As the artist, you want to have at least a basic sense of some technical best practices, so you’re not surprised during the creative recording process, and so that the creative choices you make can play best with the medium on which your music will be heard.
Streaming music best practices
-keep your peaks below -1 dBFS using True Peak metering.
-Streaming favors music with greater dynamic range, over highest possible volume. You really don’t need try to compete on loudness anymore, because most streamers use loudness normalization to even out the playback volume, after you submit your tracks.

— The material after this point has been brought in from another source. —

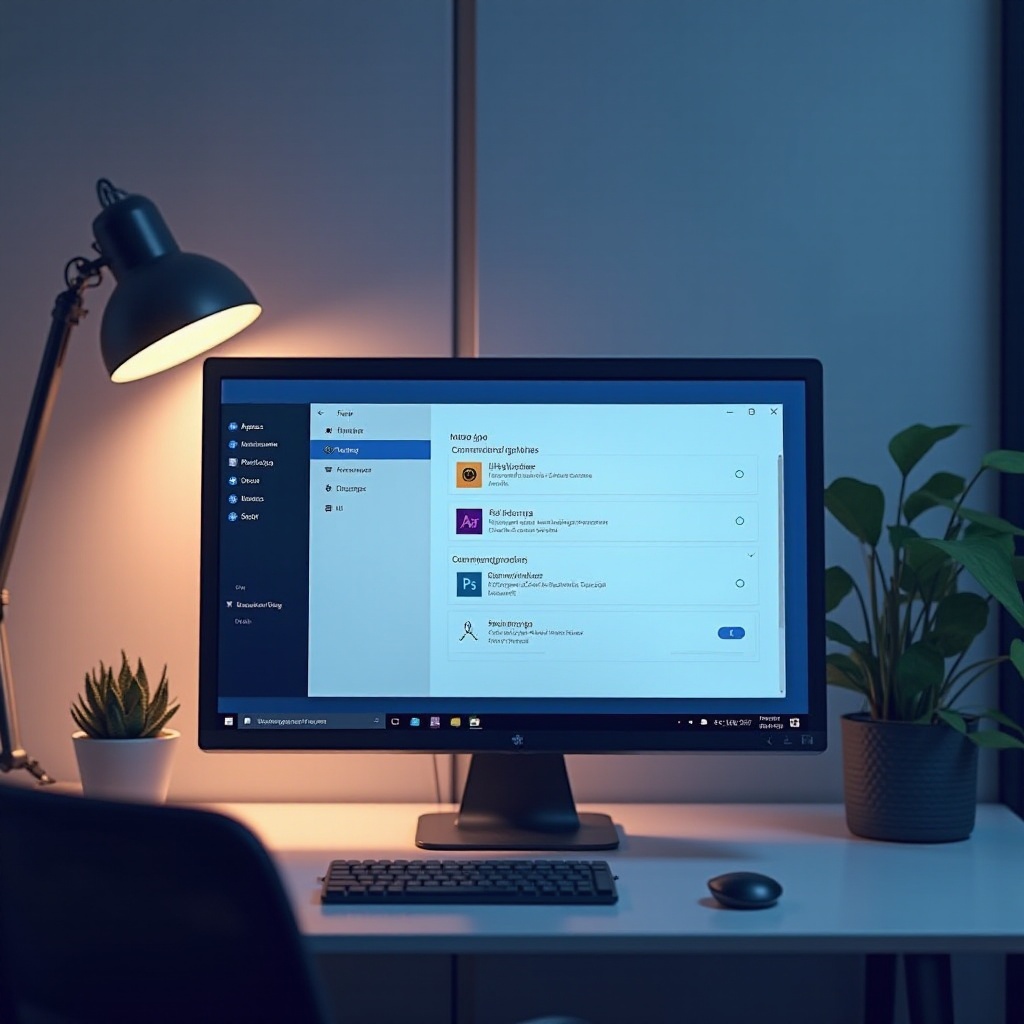 configuración de recomendaciones de aplicaciones en Windows 11
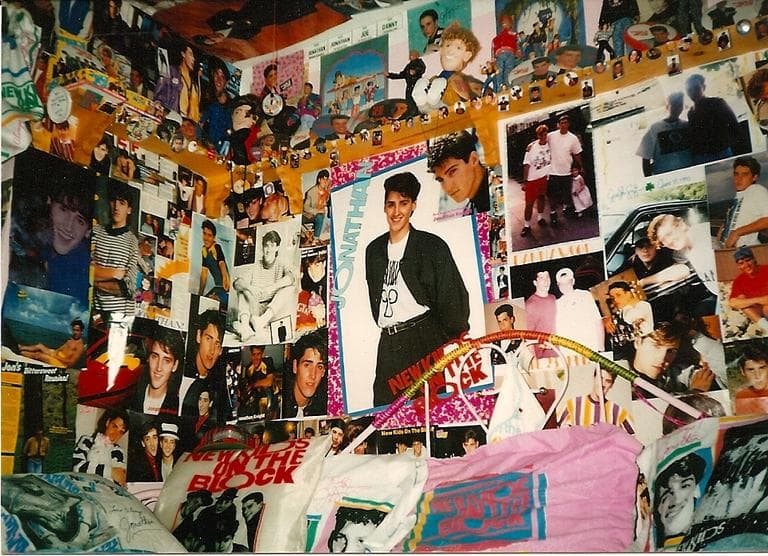 A bedroom-wall tribute to NKOTB. (Courtesy Katie White)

Instead, compete on musical impact and sound quality: this requires loud/soft contrast.
-Record in at least 24 bit when possible.
-You have some creative flexibility when it comes to big compressed bass moves in the mix.
-Quality can sometimes vary depending on your network connection or using a phone vs. a computer.
-Good mono compatibility is always preferable, but can be pushed a bit, i.e. the stereo image made wider.
-Make sure your mastering engineer knows about, and accounts for loudness normalization.
-Loudness normalization means that you often want to go for a master that is competitively loud but also sounds great, rather than the absolute highest level at all costs, because the streaming service will just turn it right back down if it’s super loud, and make it sound worse in doing so.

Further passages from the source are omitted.